Realistic Voice synthesis and natural speech comprehension
Here is a question out to my readers: Is anyone developing a realistic system of voice synthesis, that takes into account the prosody, especially the melody and rhythm, of natural speech? On the other end, what work is being done to facilitate machine comprehension of natural speech, in particular the meaning of speech prosody?
From what I can tell, one of the big hold ups for this research is the existing systems of transcription, and the correlated theories of prosody, most of which seem geared toward structural elements, and away from anything that smacks of affective content.

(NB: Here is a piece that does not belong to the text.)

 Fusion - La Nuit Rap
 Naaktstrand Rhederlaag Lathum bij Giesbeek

Systems like ToBI may be well suited to codifying and describing certain aspects of speech prosody, and comparing them across languages, but they are decidedly unsuited for describing affective speech prosody. In support of this argument, I would say that widely divergent stimuli might be notated as similar in a system, for example, that addresses pitch merely as high or low, even attending to directionality. Before this year is out, I hope to produce some publishable material that addresses this specific issue, that shows the (unacceptable) results of transcribing natural data according to various popular systems of transcription. I welcome any input to counter or support this supposition.

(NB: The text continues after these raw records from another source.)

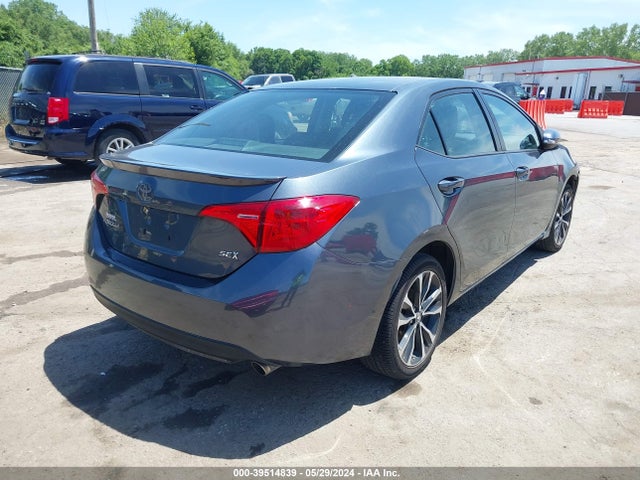 Toyota COROLLA SE 2017 2T1BURHE0HC786272 Image 4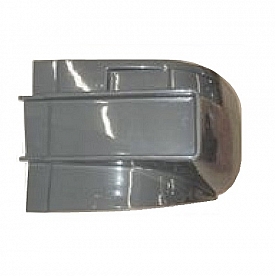 Airstream Classic Motorhome Front Road Side Banana Wrap 201340-01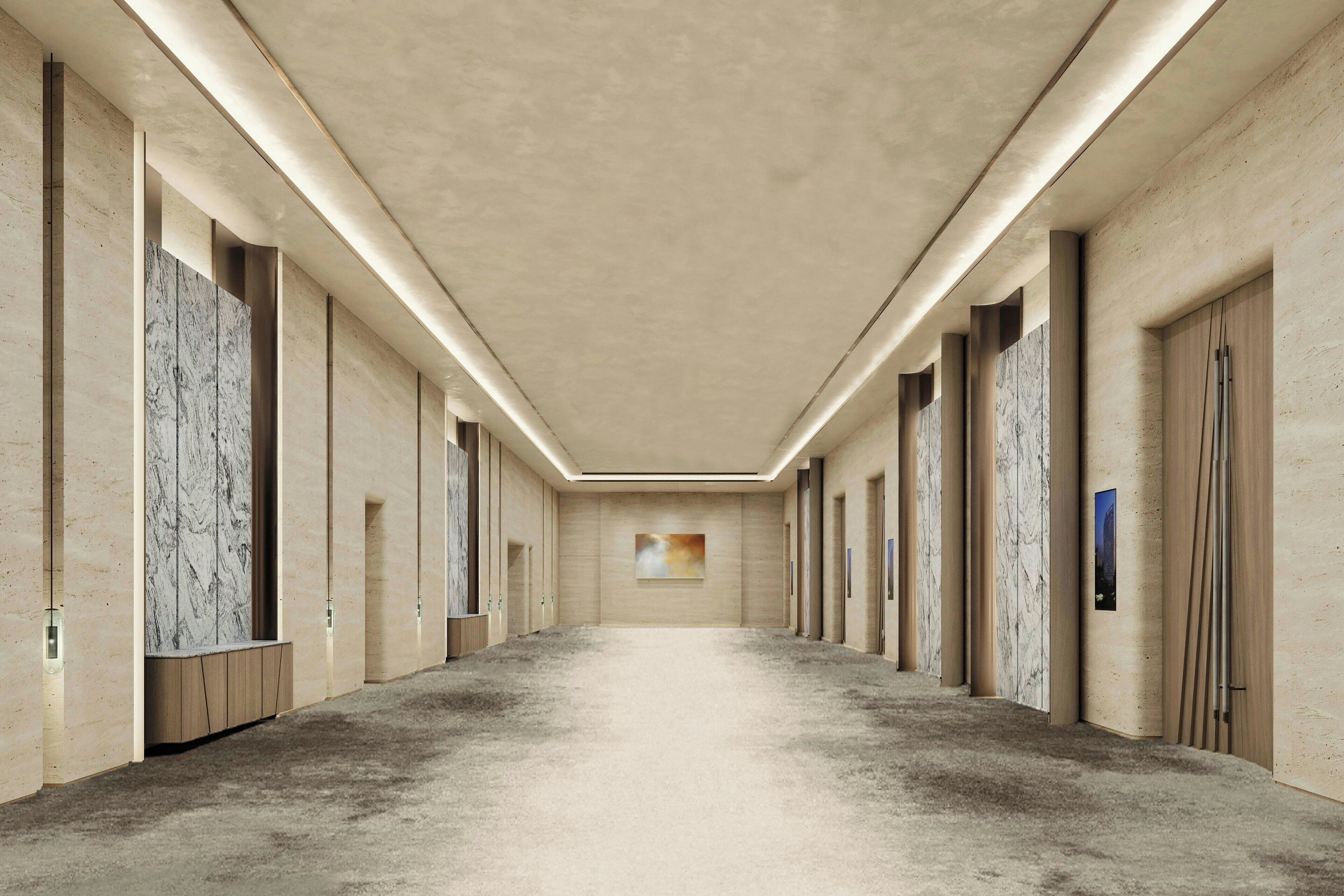 The Westin Seoul Parnas The Westin Seoul Parnas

And what about durations? It is clear from so much research that the natural flow of speech is divided into smaller intonational phrases or intonation units, and that one major marker for these divisions is the ebb and flow of time, specifically the common lenghthening at the ends of units, and the nearly as common rushing or anacrusis that is observed at beginnings. Are there any existing systems of transcription and description that place these aspects of time on an equal footing with pitch movements?
Voice recognition has come a long way, yet it is still a far way off from allowing machines to comprehend the natural flow of speech, much less the underlying emotional meaning that lies hidden beneath that surface. At present, humans still bow to the needs of computers. I envision in a generation or two that this will change. I am truly amazed at the giant strides that have been made in the realm of computer graphics, as exhibited for instance by Pixar and Dreamworks. Yet, they all still hire voice over actors. Let’s set a goal in music and language research to bring the quality of voice synthesis to the level of computer graphics before the children born in 2007 graduate from college.